Equations (1), (2) & (3) (and sometimes (4)) are the equations of motion with constant acceleration. These are also known as equations of kinematics or kinematic equations.

${v_x}:$ velocity of particle along x-axis of time t

${v_{ox}}:$ velocity of particle along x-axis at t = 0

${a_x}:$ constant acceleration of particle along x-axis

x: position of the particle at time t on the x-axis

${x_o}:$ position of particle at time t = 0 on the x-axis

t: it represents general time.

How to use kinematic equations

The kinematic equation for time, the kinematic equation for velocity

we have first equation of kinematics ${v_x} = {v_{ox}} + {a_x}t$

This expression enables us to determine the velocity at any time t if the initial velocity, the acceleration, and the elapsed time are given.

We have second equation of kinematics $x = {x_o} + {v_{ox}}t + \frac{1}{2}{a_x}{t^2}$ .

This expression enables us to determine the distance traveled during any time t if the initial velocity, acceleration, and time elapsed are known.

We have a third equation that lets us determine the final velocity if the initial velocity, acceleration, and displacement are known.

Solved problems on each kinematic equation

Example 1

An athlete takes 20 sec to reach his maximum speed of 18.0 km/h. What is the magnitude of average acceleration?

Ans. Her athlete is running along the x-axis with constant acceleration; we can use

${v_x} = {v_{ox}} + {a_x}t$

$18 \times \frac{5}{{18}}{\rm{m/s}} = 0 + {a_x} \times 2\,\sec$

$5\,{\rm{m/s}} = {a_x} \times 2\,\sec$

${a_x} = 2.5\,{\rm{m/}}{{\rm{s}}^{\rm{2}}}$

Therefore, the magnitude of the average acceleration is 2.5 m/s².

Example 2

An object having a velocity of 4.0 m/s is accelerated at the rate of 1.2 m/s² for 5.0 sec. Find the distance traveled during the period of acceleration.

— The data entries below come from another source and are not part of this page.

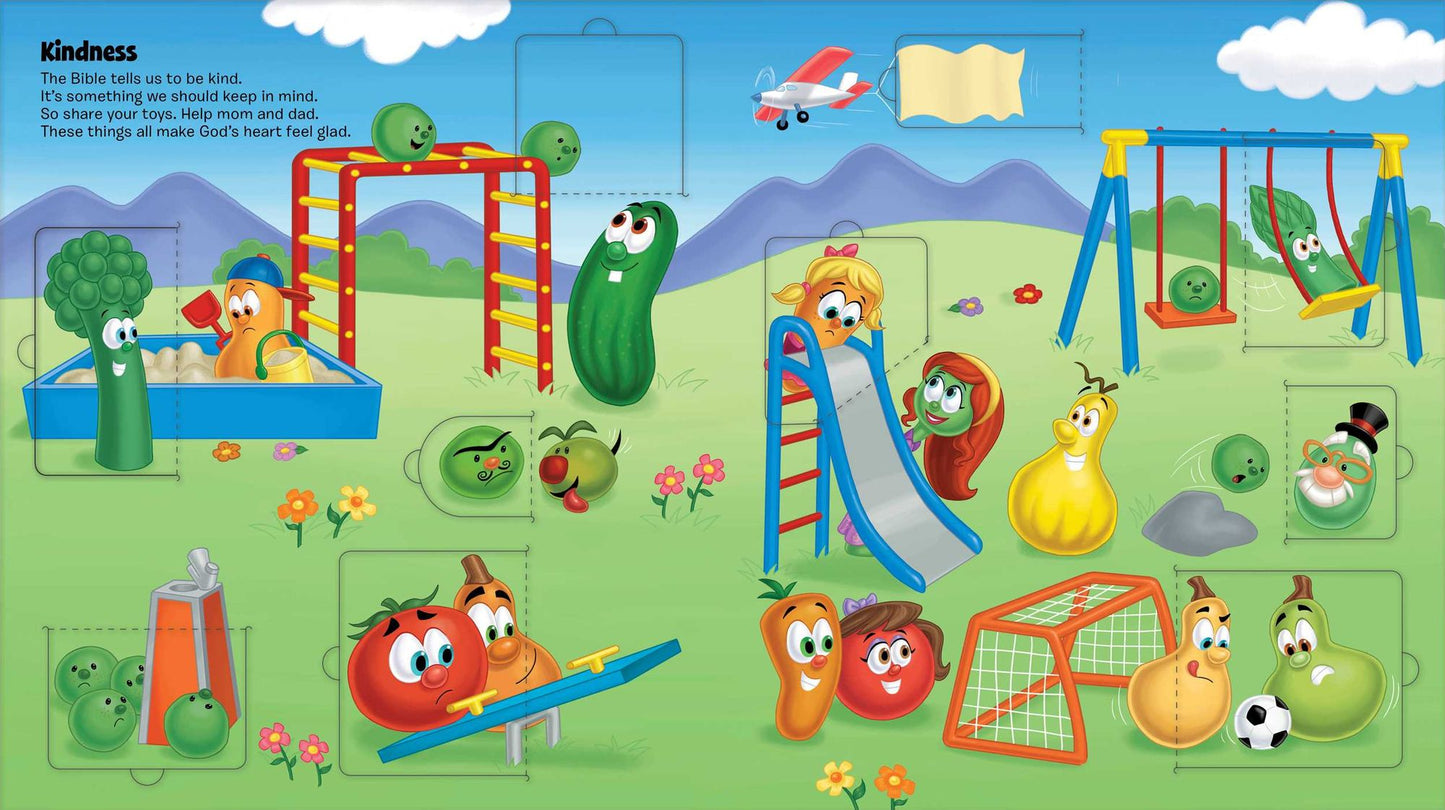 VeggieTales: Little Lessons from God: A Lift-the-Flap Book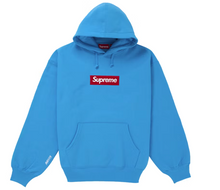 Afbeelding in Gallery-weergave laden, Supreme Box Logo Hooded Sweatshirt (FW25) Cyan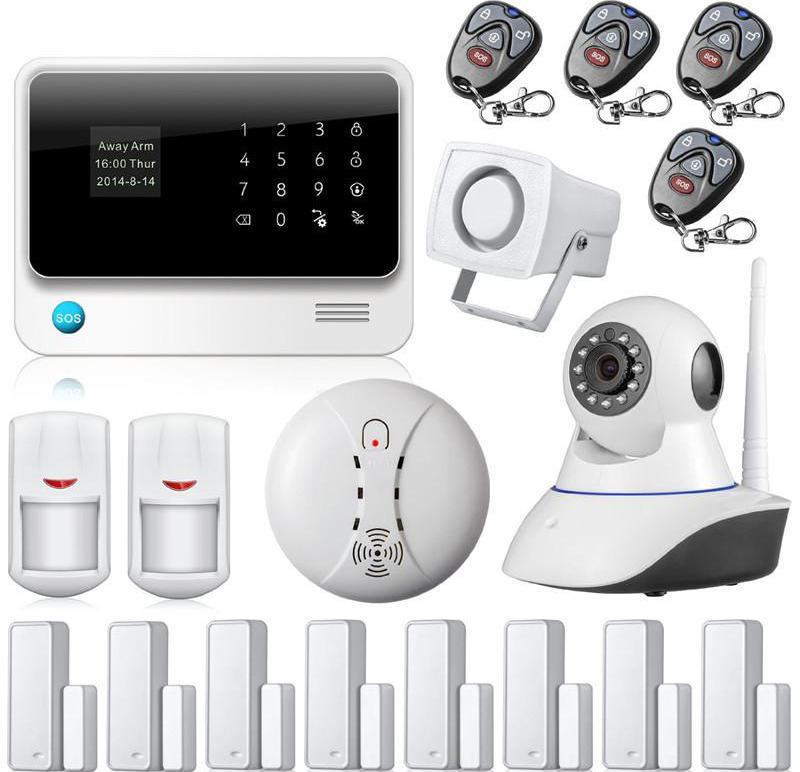 Комплект GSM алармена система за дома и градината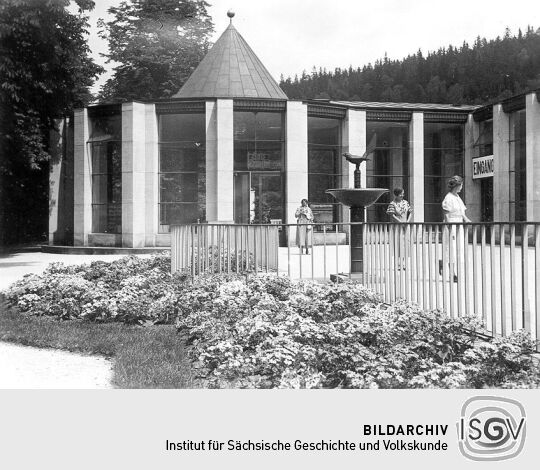 An der Salzquelle in Bad Elster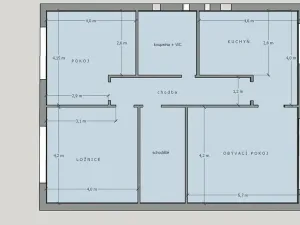 Pronájem bytu 3+1, Hlučín, Vřesinská, 90 m2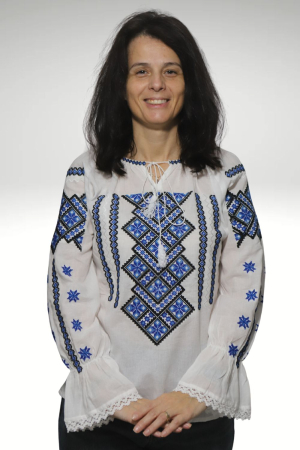 ie - Ie damă Anania broderie albastra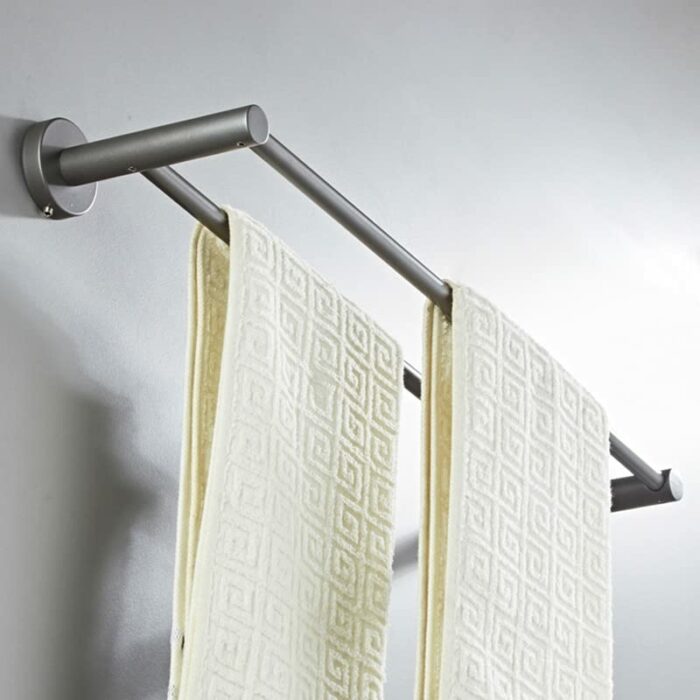 HIGOH Towel Racks, Towel Rail for Bathroom,Double Square Towel Bar,Towel Hanger,Wall Mounted Hand Towel Holder Towel Holder,House Decoration Hote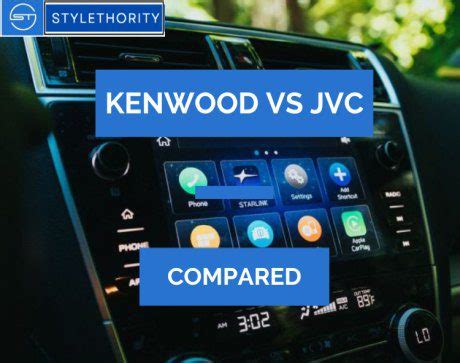 Kenwood vs JVC Car Stereo: A Few Very Important Differences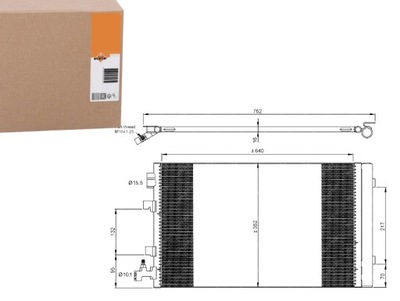 NRF KONDENSATORIUS AUŠINTUVAS KONDICIONAVIMO 182042N RTA54 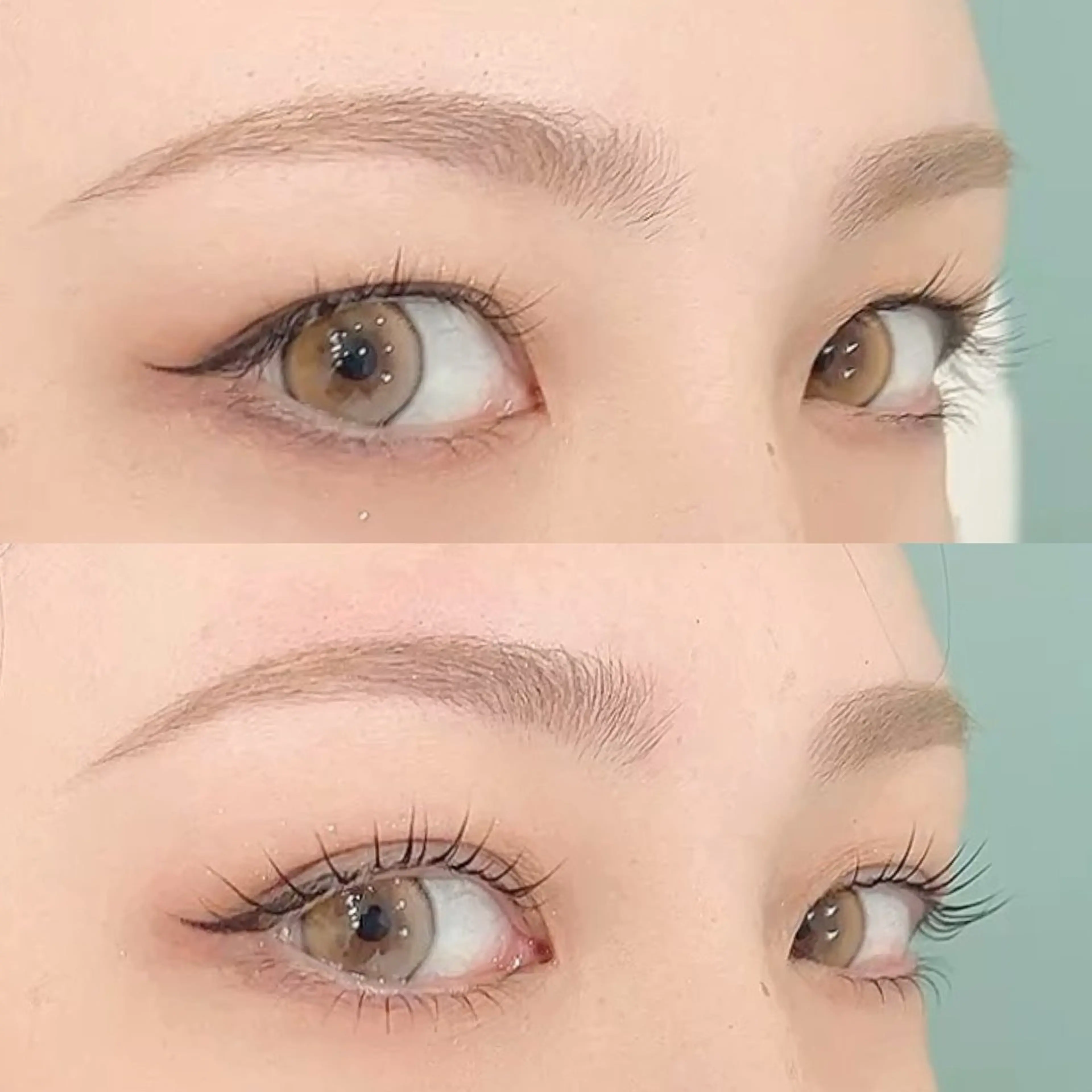 マツエク・マツパ まつげパーマ 一重×まつ毛パーマ マツパ 【O's】米野木店 原田のマツエク・マツパデザイン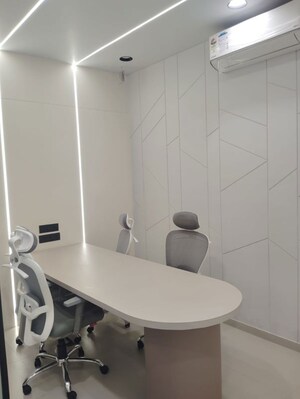 Bathroom in  Office Space at Shivalik Shilp, Sanidhya – for Rent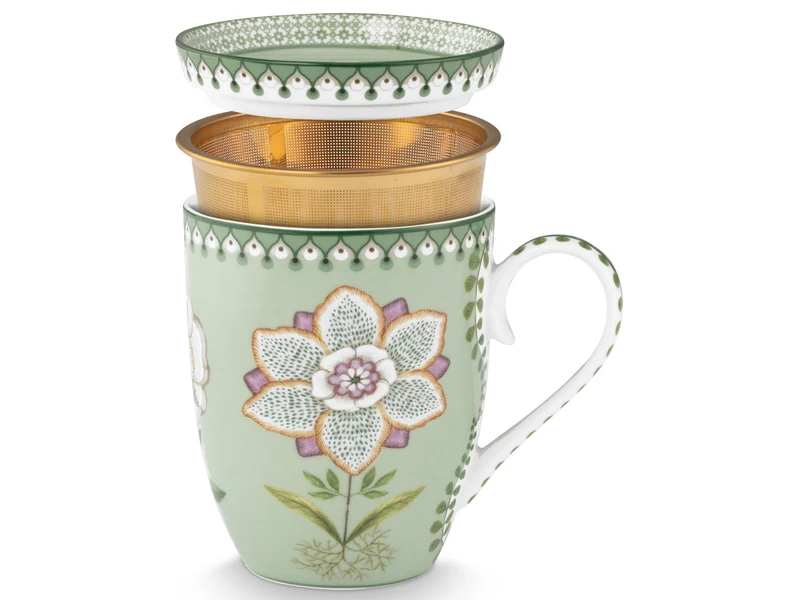 PIP STUDIO Lily&Lotus Light Green Teeset für eine Person 0,365l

Ans. Suppose the object is moving along the +ve x-axis.

Assuming that the initial location of the particle is at the origin.

Here, $x - {x_o} = x - 0 = x$

${v_{ox}} = 4.0\,{\rm{m/s}}$ , ${a_x} = 1.2\,{\rm{m/}}{{\rm{s}}^2}$ , $t = 5\,\sec$ .

Using kinematics equation,

$x = {x_o} + {v_{ox}}t + \frac{1}{2}{a_x}{t^2}$

$\Rightarrow x - {x_o} = {v_{ox}}t + \frac{1}{2}{a_x}{t^2}$

$\Rightarrow x = \left[ {4 \times 5 + \frac{1}{2} \times 1.2 \times {{(5)}^2}} \right]meter$

$\Rightarrow x = \left[ {20 + \frac{{1.2}}{2} \times 25} \right]meter$

$\Rightarrow x = 35\,meter$

Example 3

A person traveling at 43.2 km/h applies the brake giving a deceleration of 6.0 m/s² to his scooter. How far will it travel before stopping?

Ans. Suppose the person is traveling along the positive x-axis and initially that person was at the origin (x = 0).

He is moving along a straight line with constant negative acceleration.

Using kinematics equation,

$v_x^2 = v_{ox}^2 + 2{a_x}(x - {x_o})$

Here, ${v_x} = 0\,;\,\,{v_{ox}} = 12\,{\rm{m/s}}\,;\,\,{a_x} = - \,6.0\,{\rm{m/}}{{\rm{s}}^{\rm{2}}};\,\,(x - {x_o}) = ?$

$\Rightarrow \quad {0^2} = {(12\,{\rm{m/s}})^2} + 2( - \,6\,{\rm{m/}}{{\rm{s}}^{\rm{2}}})(x)$ [because $x - {x_o} = x - 0 = x$ ]

$\Rightarrow \quad 12x = 144$

$\Rightarrow \quad x = 12\,m$

So, the person will travel a distance of 12 m before stopping.

The kinematic equations for projectile motion

The projectile’s motion can be discussed separately for the horizontal and vertical parts. We take origin $({x_o} = 0,\,\,{y_o} = 0)$ at the point of projection. The instant when the particle was projected is taken as t = 0. The plane of motion is taken as the x-y plane, the horizontal line OX as the x-axis and the vertical line OY as the y-axis. Vertically upward direction is taken as the positive direction of the y-axis.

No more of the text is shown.